Archiebald, Deaf, Blind And Incontinent
April 30th, 2005 by Habiband that’s just the judges- you should see (and smell) the artists. This year’s $35K sling has gone to senile dementia-pinup pillowbiter John Olsen, a long-time critic of the prize as a “chook raffle”; it looks like Olsen’s done better than his fellow senior citizens manage at bingo, and for a work that would get his fellows a quick kero bath and a hose-off, then confinement in the maximum security wing of the geezertorium:-
Smearing a wall with your own poo, then finger-painting what appears to be Geoff Kennett with rickets, wearing a carnival mask on the back of his head and making a speech into an old Shure 10A microphone would usually be an indication that the medication isn’t up to the job, and you’re in need of some secure rubber pantaloons.
Of course the luvvies think it is brilliant, devine, challenging and sublime; challenging possibly, unless you have no sense of smell, and are liberally coated in insect repellant.

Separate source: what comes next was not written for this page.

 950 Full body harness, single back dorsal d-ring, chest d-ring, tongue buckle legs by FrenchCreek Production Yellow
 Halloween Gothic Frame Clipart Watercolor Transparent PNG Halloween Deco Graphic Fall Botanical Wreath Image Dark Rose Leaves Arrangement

I’m really in the wrong game- Tracey Emin can flog the Turner her grubby sheets upon which she appears to have shagged a few gentlemen of the road, and old Jimmy Olsen can score 35 gorillas for smearing shit on a canvas, but if I park a pavement pollock I stand a good chance of having my collar felt, and copping a bluey.
I need to move in different circles, possibly not the concentric ones which interfere with my nocturnal navigation.
UPDATE This post and thread has been hijacked by perennial troll and traffic-siphon Darp Hau, aka Matthew Henderson, who has accused me of making a racist jibe at his apparent Maori heritage with a comment and linked photo on this thread at Tim Blair’s. Have a look if you can be arsed, and form your own opinion- has Darp been villified on the basis of his claimed race, is he a wanker with a thin skin and no sense of humour, or is blindly thrashing around, trying to raise a smokescreen for his blatant and oft repeated porkies? You decide.